▶ Try it
Reproduce the data exactly and drop any pictures it holds.

▶ Data supplied

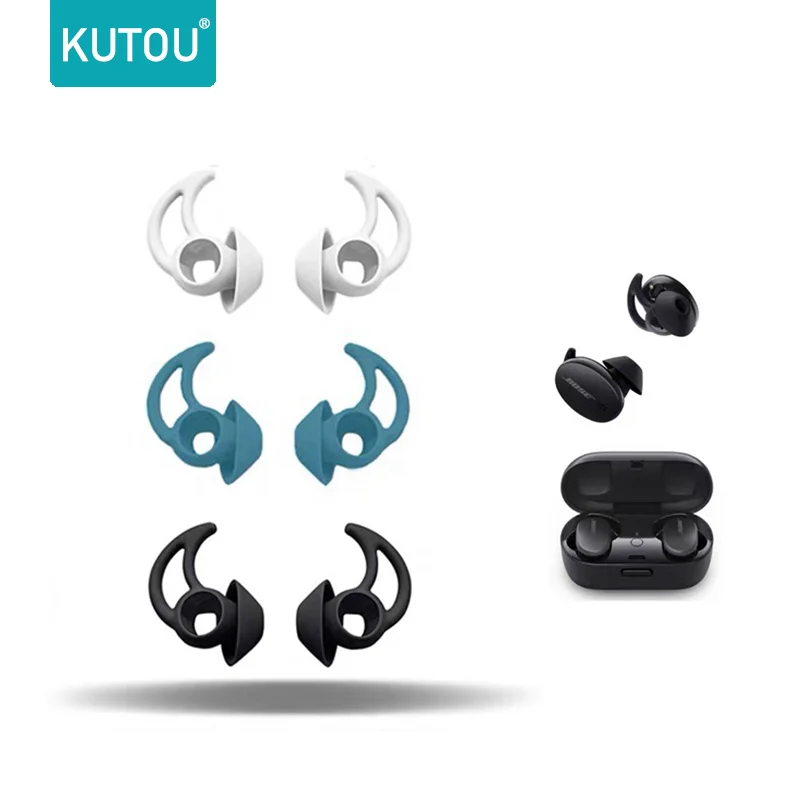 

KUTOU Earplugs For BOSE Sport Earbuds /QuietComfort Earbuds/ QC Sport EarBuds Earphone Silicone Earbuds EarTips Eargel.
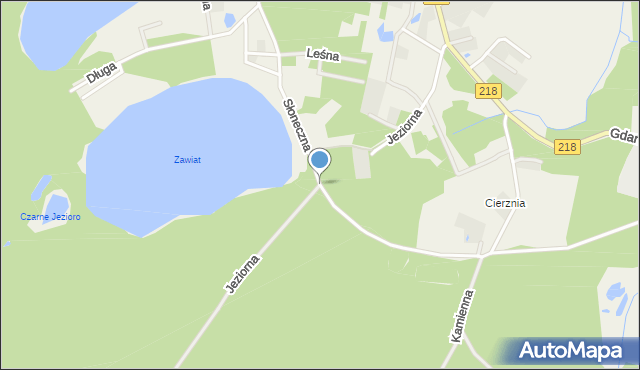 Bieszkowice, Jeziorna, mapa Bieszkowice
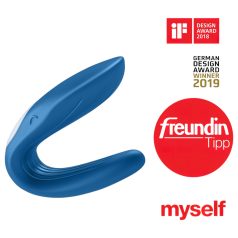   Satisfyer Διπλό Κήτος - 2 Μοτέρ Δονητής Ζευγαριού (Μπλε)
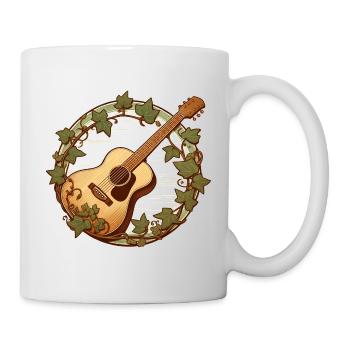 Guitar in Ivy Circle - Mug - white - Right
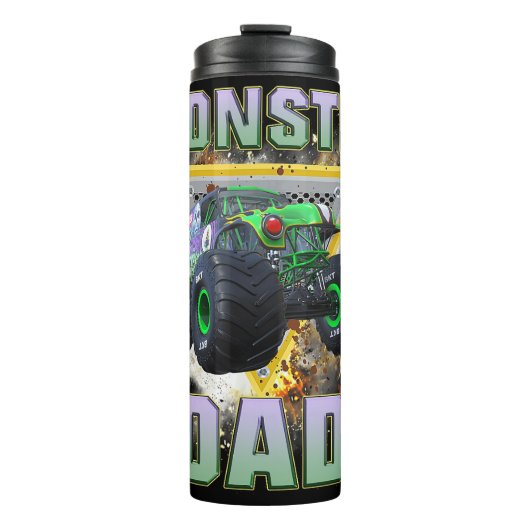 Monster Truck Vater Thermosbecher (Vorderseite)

▶ Exercise output
KUTOU Earplugs For BOSE Sport Earbuds /QuietComfort Earbuds/ QC Sport EarBuds Earphone Silicone Earbuds EarTips Eargel.
 Bieszkowice, Jeziorna, mapa Bieszkowice
   Satisfyer Διπλό Κήτος - 2 Μοτέρ Δονητής Ζευγαριού (Μπλε)
 Guitar in Ivy Circle - Mug - white - Right
 Monster Truck Vater Thermosbecher (Vorderseite)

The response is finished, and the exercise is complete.